◆ Assigned task:
Copy, exactly and without additions, every line in the records below from the one holding "69 Inverary Crescent" through the one holding "12421 Perrywinkle Rd", both ends included.

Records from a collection
"""

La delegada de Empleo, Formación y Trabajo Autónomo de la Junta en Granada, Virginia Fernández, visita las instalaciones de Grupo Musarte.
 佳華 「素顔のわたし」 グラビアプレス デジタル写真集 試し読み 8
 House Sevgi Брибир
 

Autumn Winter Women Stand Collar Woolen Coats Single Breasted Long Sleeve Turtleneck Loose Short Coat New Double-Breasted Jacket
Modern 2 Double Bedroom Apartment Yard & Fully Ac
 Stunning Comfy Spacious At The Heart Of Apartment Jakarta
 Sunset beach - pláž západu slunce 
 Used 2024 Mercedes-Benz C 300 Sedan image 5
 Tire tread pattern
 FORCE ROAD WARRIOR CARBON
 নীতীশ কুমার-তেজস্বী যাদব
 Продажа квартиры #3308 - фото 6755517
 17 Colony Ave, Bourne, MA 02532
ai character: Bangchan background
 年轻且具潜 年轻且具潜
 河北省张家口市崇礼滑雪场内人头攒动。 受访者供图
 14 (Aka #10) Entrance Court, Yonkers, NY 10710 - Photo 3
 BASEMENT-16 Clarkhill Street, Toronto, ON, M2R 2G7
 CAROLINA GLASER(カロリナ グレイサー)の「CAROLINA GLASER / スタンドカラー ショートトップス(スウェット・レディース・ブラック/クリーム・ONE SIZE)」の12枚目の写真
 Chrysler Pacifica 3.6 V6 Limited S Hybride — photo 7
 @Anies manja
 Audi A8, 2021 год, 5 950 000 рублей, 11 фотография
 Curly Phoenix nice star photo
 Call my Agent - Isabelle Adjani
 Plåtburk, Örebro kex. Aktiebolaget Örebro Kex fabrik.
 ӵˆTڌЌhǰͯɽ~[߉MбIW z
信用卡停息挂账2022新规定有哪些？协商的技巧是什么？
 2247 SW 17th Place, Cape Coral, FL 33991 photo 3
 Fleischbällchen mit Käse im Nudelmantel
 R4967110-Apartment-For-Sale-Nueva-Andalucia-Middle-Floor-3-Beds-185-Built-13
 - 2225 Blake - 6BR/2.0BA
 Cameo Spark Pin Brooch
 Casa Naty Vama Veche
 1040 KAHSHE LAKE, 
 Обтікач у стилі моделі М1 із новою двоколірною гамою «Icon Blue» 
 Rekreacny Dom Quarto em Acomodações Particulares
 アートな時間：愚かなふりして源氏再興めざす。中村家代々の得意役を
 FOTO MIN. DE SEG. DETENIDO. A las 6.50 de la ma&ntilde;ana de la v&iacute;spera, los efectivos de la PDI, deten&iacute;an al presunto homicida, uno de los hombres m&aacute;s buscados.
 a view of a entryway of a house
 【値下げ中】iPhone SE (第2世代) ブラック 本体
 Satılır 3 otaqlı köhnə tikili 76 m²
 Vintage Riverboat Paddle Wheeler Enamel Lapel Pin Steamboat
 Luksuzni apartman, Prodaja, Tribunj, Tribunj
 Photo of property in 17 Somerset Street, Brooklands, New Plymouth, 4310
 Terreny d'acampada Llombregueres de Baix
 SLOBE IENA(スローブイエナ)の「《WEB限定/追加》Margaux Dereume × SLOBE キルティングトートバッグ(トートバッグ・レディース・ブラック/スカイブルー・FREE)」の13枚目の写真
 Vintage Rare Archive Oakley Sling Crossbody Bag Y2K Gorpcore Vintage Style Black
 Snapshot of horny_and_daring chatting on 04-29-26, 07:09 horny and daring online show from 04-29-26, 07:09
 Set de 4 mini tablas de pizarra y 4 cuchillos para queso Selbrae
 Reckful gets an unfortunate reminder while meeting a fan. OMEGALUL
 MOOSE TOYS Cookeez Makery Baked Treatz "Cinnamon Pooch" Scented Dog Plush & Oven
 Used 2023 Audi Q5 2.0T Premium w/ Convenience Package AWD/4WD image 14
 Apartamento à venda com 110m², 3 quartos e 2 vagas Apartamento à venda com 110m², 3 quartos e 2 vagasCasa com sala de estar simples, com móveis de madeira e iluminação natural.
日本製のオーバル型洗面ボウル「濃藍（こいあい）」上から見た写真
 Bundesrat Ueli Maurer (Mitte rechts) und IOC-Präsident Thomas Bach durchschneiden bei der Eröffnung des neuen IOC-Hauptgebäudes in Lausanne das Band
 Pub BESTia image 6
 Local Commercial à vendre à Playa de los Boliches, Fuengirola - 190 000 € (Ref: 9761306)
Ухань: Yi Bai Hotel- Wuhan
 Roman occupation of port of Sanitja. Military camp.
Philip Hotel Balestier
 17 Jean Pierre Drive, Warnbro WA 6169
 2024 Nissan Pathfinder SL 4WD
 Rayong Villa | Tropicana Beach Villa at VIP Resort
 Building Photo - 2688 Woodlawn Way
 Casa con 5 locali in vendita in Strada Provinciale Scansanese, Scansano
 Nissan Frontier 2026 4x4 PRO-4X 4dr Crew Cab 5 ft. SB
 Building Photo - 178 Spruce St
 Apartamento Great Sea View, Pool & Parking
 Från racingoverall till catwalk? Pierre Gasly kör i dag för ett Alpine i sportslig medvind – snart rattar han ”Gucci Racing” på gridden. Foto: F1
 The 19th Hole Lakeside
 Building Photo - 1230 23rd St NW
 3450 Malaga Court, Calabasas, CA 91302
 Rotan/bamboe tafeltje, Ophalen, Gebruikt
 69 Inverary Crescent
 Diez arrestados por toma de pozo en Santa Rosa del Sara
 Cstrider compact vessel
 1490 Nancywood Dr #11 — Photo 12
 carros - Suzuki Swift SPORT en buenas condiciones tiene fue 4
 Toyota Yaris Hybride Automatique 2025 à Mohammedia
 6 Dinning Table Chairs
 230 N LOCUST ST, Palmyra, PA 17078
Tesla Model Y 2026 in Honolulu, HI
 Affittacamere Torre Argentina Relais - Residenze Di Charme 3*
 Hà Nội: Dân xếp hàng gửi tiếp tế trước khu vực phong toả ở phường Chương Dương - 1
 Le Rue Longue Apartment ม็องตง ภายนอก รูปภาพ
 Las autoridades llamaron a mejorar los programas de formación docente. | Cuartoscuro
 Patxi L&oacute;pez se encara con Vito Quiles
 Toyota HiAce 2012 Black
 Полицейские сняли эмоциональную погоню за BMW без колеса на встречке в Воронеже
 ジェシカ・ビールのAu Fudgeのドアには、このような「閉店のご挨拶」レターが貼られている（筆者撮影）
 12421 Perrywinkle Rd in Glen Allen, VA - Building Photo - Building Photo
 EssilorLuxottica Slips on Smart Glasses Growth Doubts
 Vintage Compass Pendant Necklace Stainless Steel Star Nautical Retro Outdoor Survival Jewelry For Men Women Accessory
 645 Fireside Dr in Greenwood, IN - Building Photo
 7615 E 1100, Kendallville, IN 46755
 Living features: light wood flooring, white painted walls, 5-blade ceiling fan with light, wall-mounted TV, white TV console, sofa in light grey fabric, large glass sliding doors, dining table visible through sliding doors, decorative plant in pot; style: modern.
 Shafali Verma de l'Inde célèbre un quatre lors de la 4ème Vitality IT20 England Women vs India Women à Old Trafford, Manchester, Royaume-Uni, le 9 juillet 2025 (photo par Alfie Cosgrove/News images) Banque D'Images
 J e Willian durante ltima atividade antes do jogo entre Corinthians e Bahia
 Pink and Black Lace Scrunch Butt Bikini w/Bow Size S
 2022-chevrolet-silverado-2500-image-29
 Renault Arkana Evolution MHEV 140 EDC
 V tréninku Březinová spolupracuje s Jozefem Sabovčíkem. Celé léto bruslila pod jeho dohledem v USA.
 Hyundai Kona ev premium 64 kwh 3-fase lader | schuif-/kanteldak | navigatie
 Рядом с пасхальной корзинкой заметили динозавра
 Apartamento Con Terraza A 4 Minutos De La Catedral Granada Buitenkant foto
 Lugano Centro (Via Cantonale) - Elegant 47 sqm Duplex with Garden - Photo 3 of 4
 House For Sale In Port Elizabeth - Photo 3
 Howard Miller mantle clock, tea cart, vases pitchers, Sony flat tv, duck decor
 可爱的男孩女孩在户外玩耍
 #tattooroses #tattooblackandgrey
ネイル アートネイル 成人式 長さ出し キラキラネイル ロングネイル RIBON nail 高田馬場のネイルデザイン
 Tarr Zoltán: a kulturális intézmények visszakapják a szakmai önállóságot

"""

◆ Reply to the task:
 69 Inverary Crescent
 Diez arrestados por toma de pozo en Santa Rosa del Sara
 Cstrider compact vessel
 1490 Nancywood Dr #11 — Photo 12
 carros - Suzuki Swift SPORT en buenas condiciones tiene fue 4
 Toyota Yaris Hybride Automatique 2025 à Mohammedia
 6 Dinning Table Chairs
 230 N LOCUST ST, Palmyra, PA 17078
Tesla Model Y 2026 in Honolulu, HI
 Affittacamere Torre Argentina Relais - Residenze Di Charme 3*
 Hà Nội: Dân xếp hàng gửi tiếp tế trước khu vực phong toả ở phường Chương Dương - 1
 Le Rue Longue Apartment ม็องตง ภายนอก รูปภาพ
 Las autoridades llamaron a mejorar los programas de formación docente. | Cuartoscuro
 Patxi L&oacute;pez se encara con Vito Quiles
 Toyota HiAce 2012 Black
 Полицейские сняли эмоциональную погоню за BMW без колеса на встречке в Воронеже
 ジェシカ・ビールのAu Fudgeのドアには、このような「閉店のご挨拶」レターが貼られている（筆者撮影）
 12421 Perrywinkle Rd in Glen Allen, VA - Building Photo - Building Photo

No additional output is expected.